Whenever a line carries the word "background", pull it out of the entries.

▶ Data supplied

*** Begin section ***

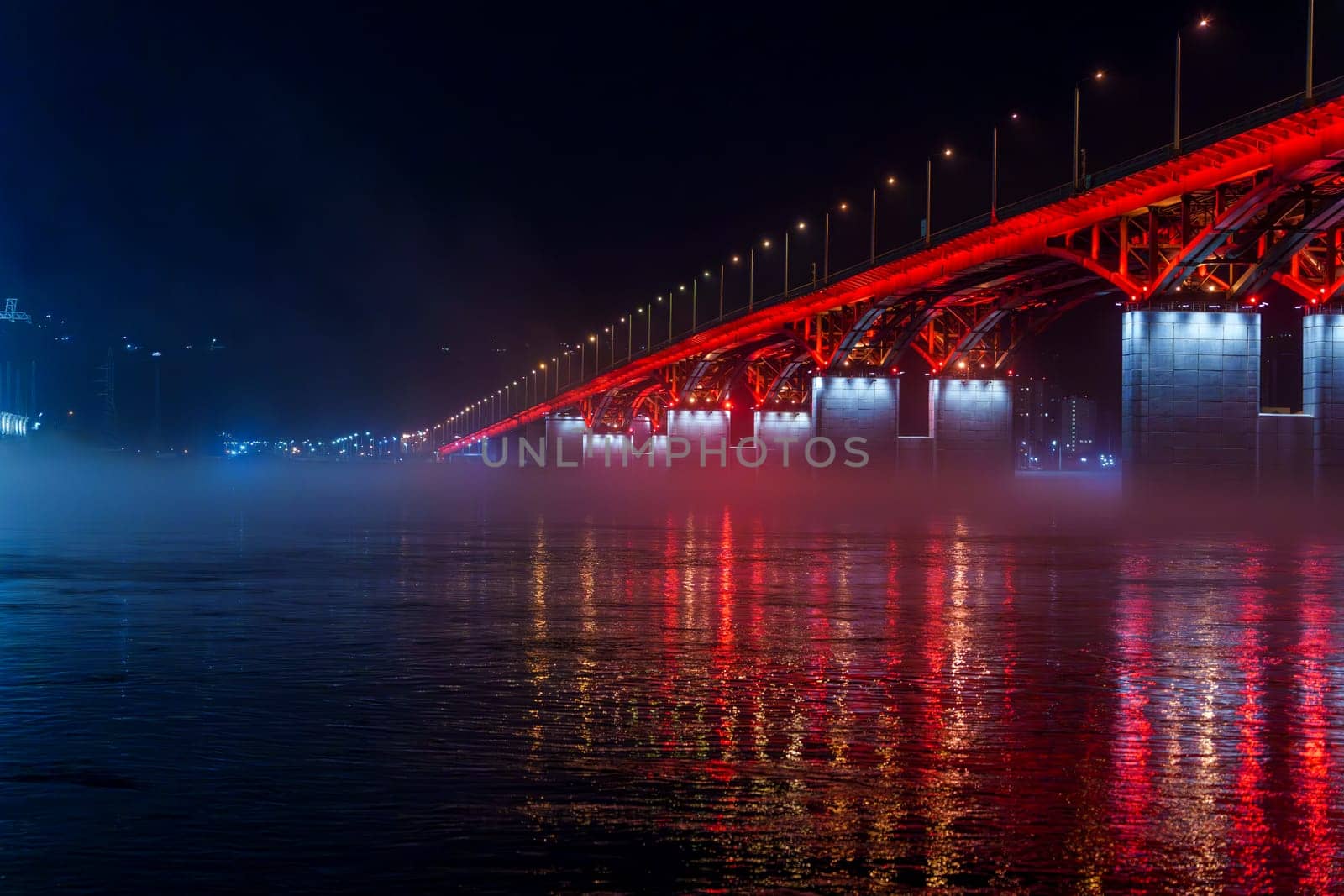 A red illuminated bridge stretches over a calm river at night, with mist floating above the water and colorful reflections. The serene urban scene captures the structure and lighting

*** End section ***
*** Begin section ***

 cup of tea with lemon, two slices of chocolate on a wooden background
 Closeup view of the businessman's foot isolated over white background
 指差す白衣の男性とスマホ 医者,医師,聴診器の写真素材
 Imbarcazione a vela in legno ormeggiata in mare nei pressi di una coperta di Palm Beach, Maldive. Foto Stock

*** End section ***

▶ Task output
 cup of tea with lemon, two slices of chocolate on a wooden background
 Closeup view of the businessman's foot isolated over white background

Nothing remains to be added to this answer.